START Dataset content

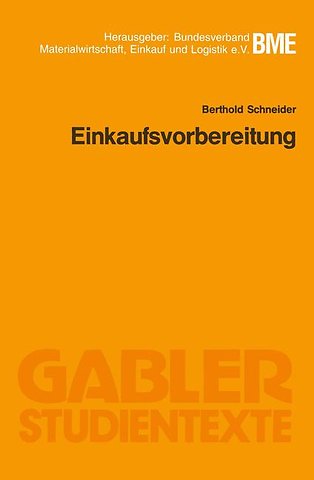 Einkaufsvorbereitung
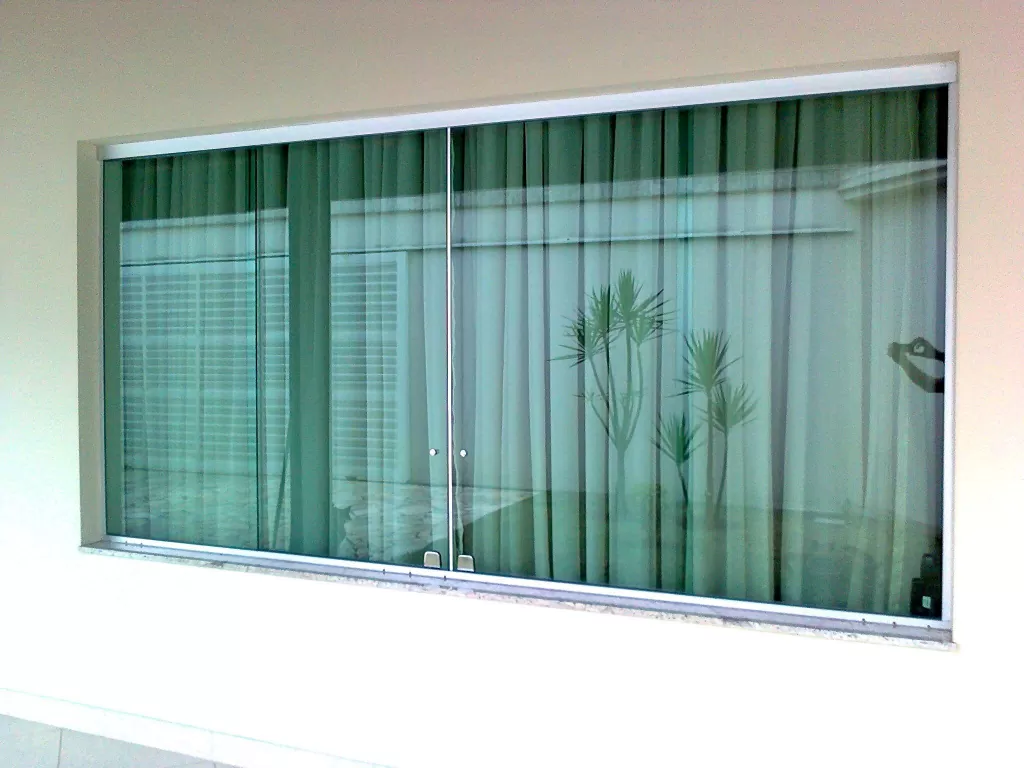 janelas de vidro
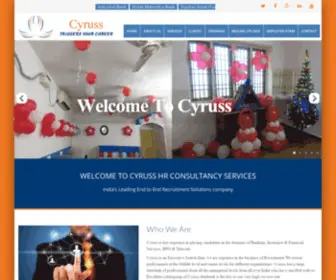 Cyruss.in(Cyruss HR Solutions) Screenshot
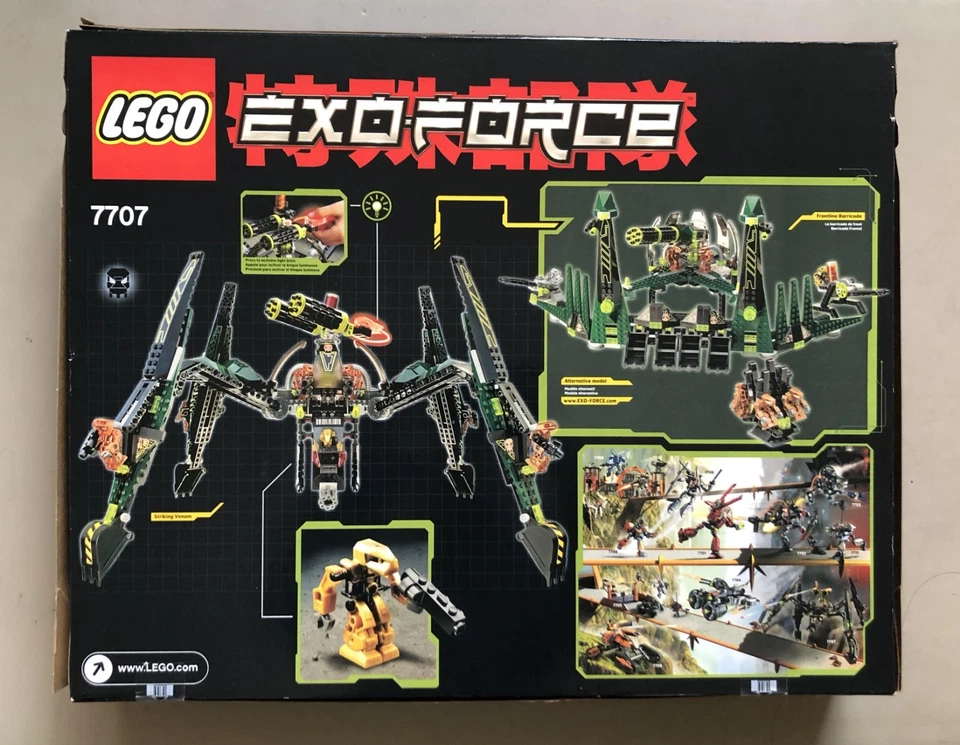 LEGO Exo-Force Striking Venom (7707) - Image 2 of 4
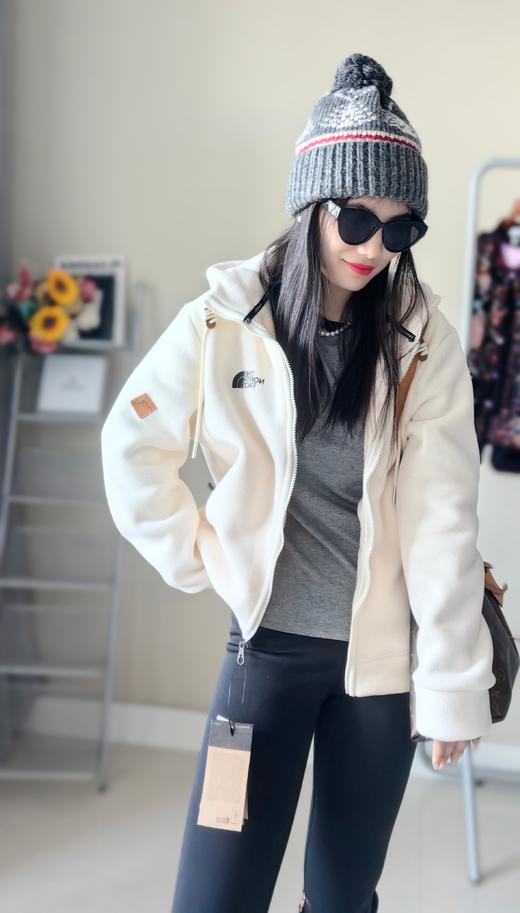 加厚摇粒绒小北男女同款卫衣外套 商品图14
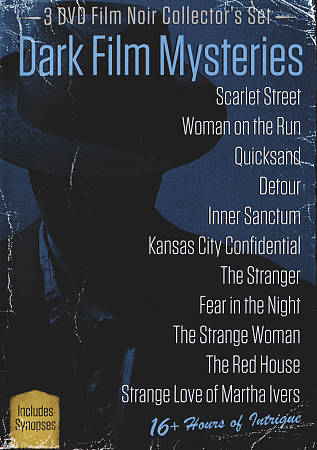 Dark Film Mysteries cover art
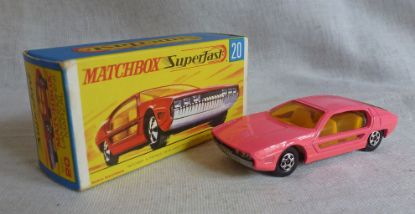 Picture of Matchbox Superfast MB20d Lamborghini Marzal Pink G Box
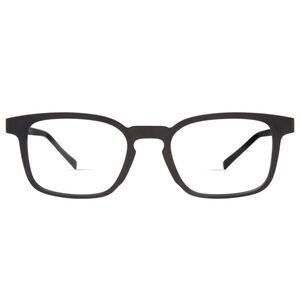 Modo 7053 Eyeglasses | Black | Square Titanium/Plastic | 48-19-145 |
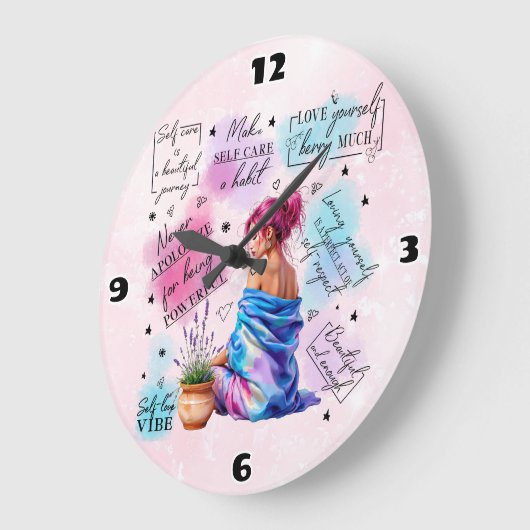 Zelfliefde Grote Klok (Hoek)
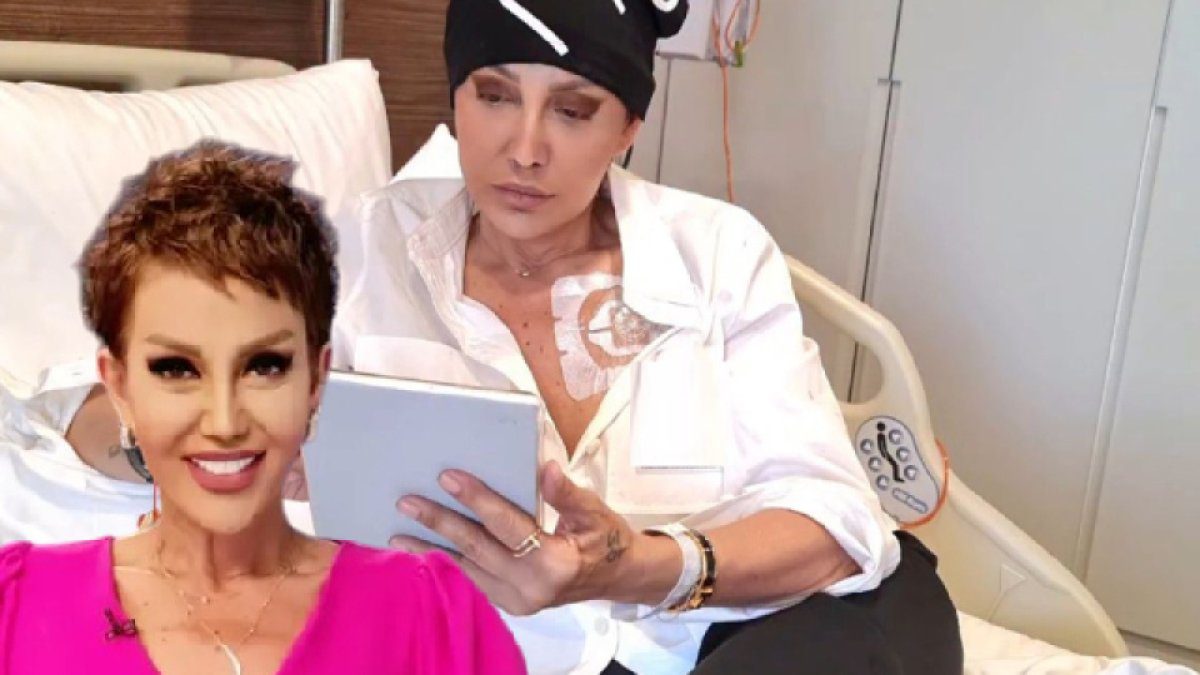 Sunucu Serap Paköz, kansere yakalandı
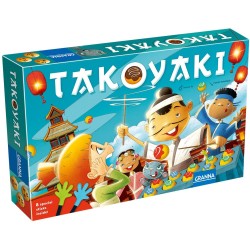 HUCH! Takoyaki 20 min Gra planszowa Gotowanie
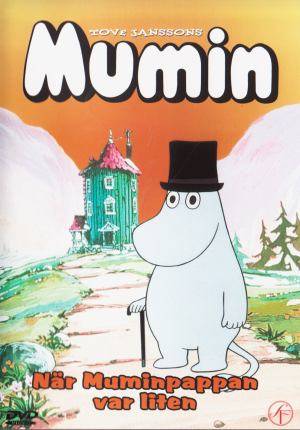 DVD - Mumin: När Muminpappan var liten (Beg)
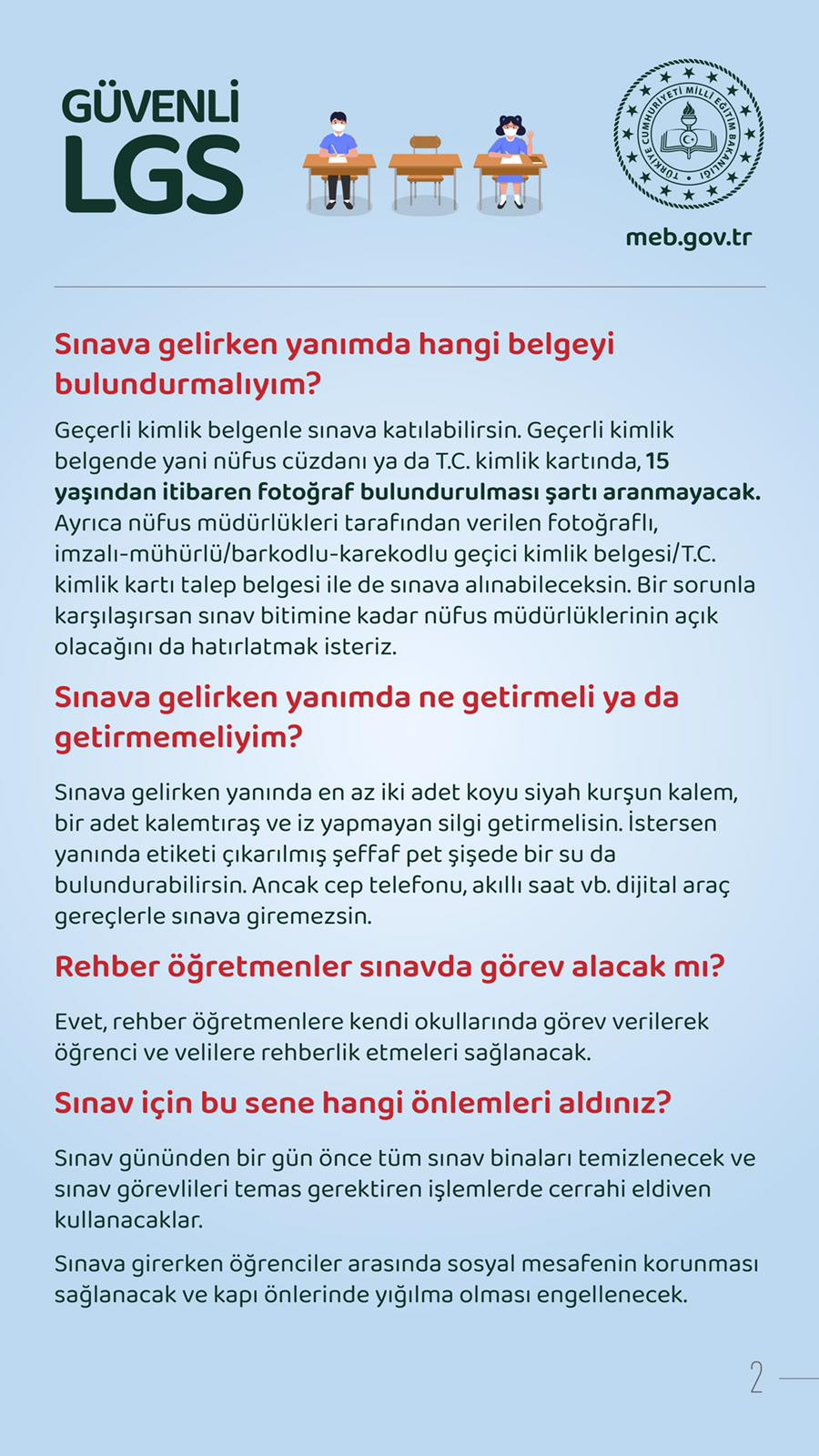 Bakan Selçuk'tan LGS ile ilgili kritik açıklama - Resim : 4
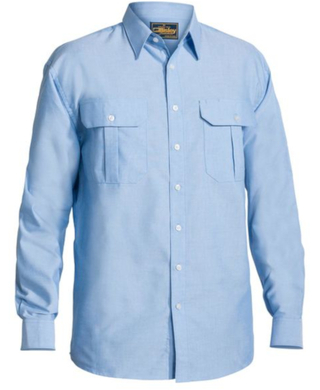 WORKWEAR, SAFETY & CORPORATE CLOTHING SPECIALISTS - Oxford Shirt - Long Sleeve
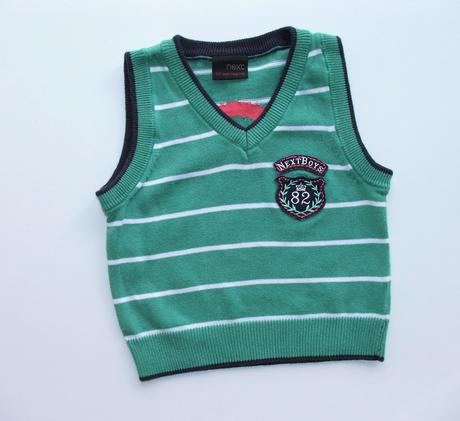 M439 chlapecká vesta vel. 68, next,68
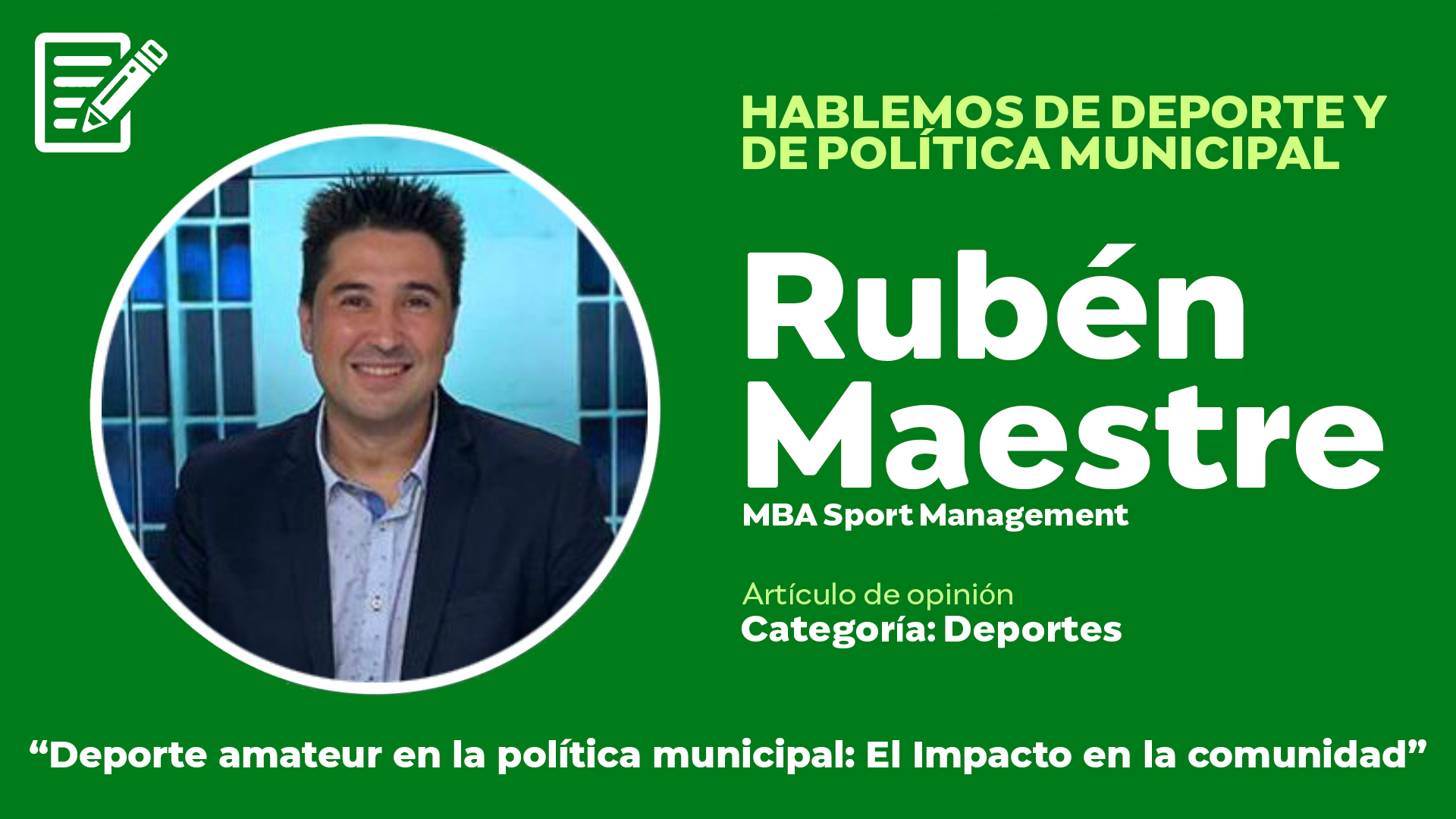 Deporte amateur en la política municipal: El Impacto en la comunidad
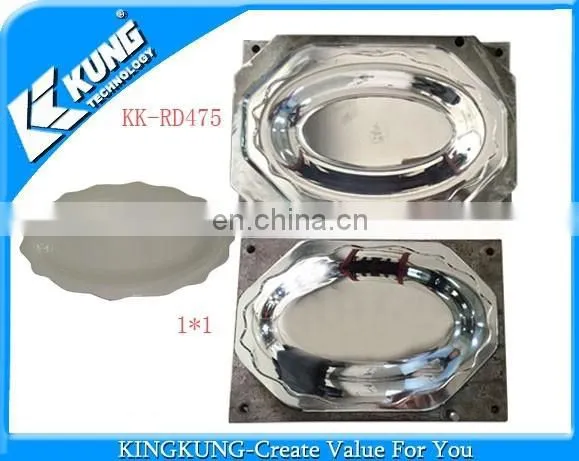 Super Quality high melamine dinner set mold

END Dataset content

■ The task ■
Ending at the line with "Modo 7053 Eyeglasses", reproduce exactly the lines that begin at the top of the data, and include no pictures.

■ Expected output ■
 Einkaufsvorbereitung
 janelas de vidro
 Cyruss.in(Cyruss HR Solutions) Screenshot
 LEGO Exo-Force Striking Venom (7707) - Image 2 of 4
 加厚摇粒绒小北男女同款卫衣外套 商品图14
 Dark Film Mysteries cover art
 Picture of Matchbox Superfast MB20d Lamborghini Marzal Pink G Box
 Modo 7053 Eyeglasses | Black | Square Titanium/Plastic | 48-19-145 |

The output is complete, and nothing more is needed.